For a long time, projects have suffered permanent death at end of funding to an extent of reversing impact previously created by the same project. In most cases communities have no access to project resources considering project initiatives to be gifts from the wealthy thereby worrying less about sustainability. Not so many project outputs can be traced 5 years after closure. Traceable outputs like water sources, buildings, roads are in most cases in a sorry state with barely anyone responsible. Living Earth Uganda (LEU) had this in mind when designing the Improved Livelihoods in Slums Public Private Partnerships (also known as waste to wealth) project. The project whose overall objective is to reduce the prevalence of poverty in the context of sustainable development and so contribute to the achievement of MDG 1 in reducing poverty by 50% by 2015 and MDG 7 (ensuring environmental sustainability), namely to achieve a significant improvement in the lives of slum dwellers by 2020 ends this year 2013. Specifically the project aims at improving environmental sanitation services in 3 poor urban communities of Rubaga and Kawempe division in Kampala as well as Nansana town council through public private partnerships involving local authorities and pro-poor social enterprises.

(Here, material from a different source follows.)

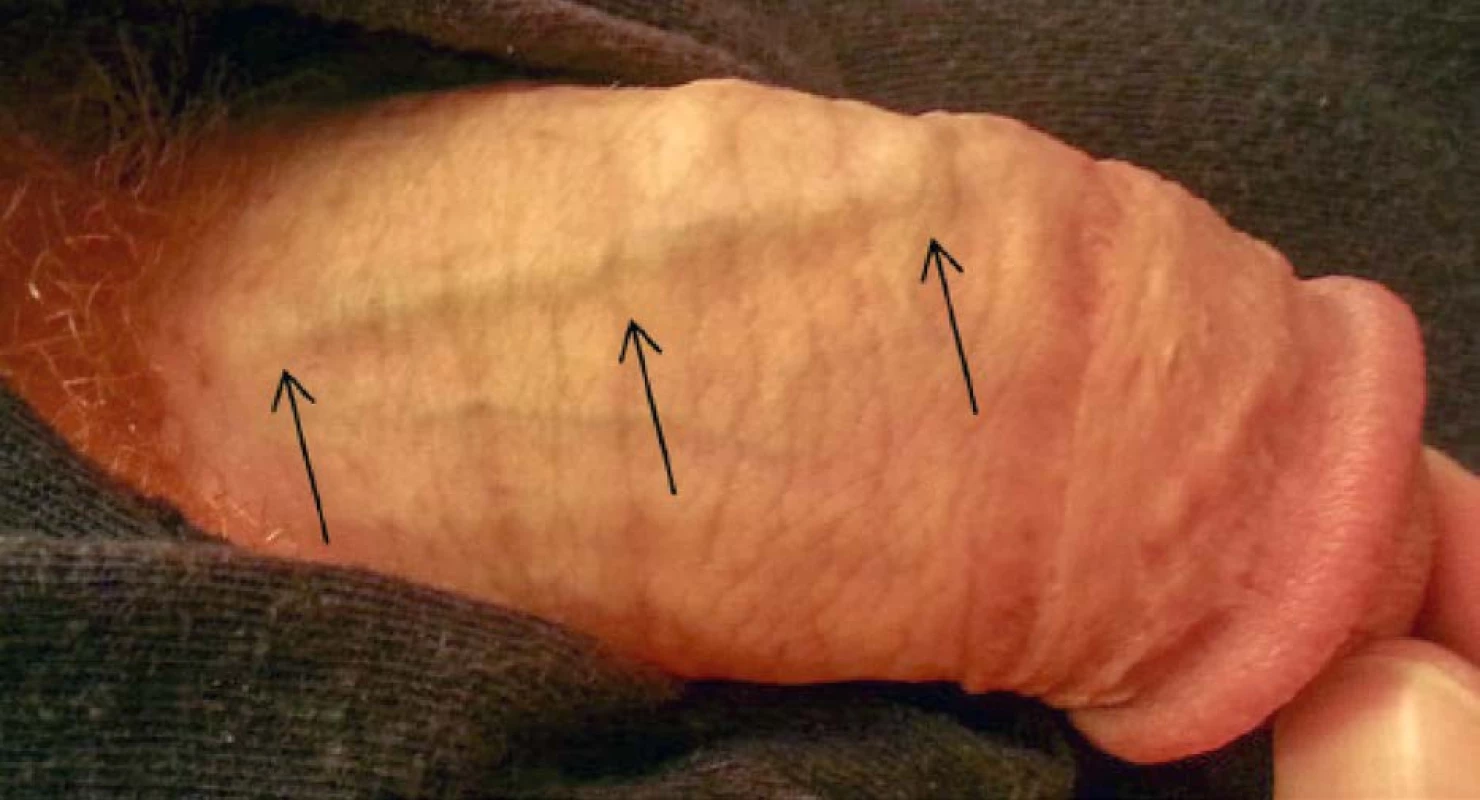 Tuhý pruh v průběhu dorzální žíly – Ilustrativní foto – zdroj (9)<br>
Fig. 1. Palpable rigid stripe affecting the dorsal vein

To keep the project alive even after closure, LEU put in place an Information Hub where all project materials right from inception are collected, then handed over to the community. The materials include project reports, functional skills training sample products like charcoal briquettes, energy saving stoves, fireless cookers, crafts, Information Education and communication (IEC) materials, albums, videos and music. The information hub is something one can relate to a museum or library where the public comes to access useful information on a particular subject. The hub is also equipped with computers having internet connection and a photocopying machine.
The rationale behind the Hub is that project beneficiaries, stakeholders and public will easily access relevant information on Sustainable solid waste management for use during their own activities. The Hub is conveniently housed at Lubaga Division headquarters, a major player in battling inadequate solid waste management in slum areas.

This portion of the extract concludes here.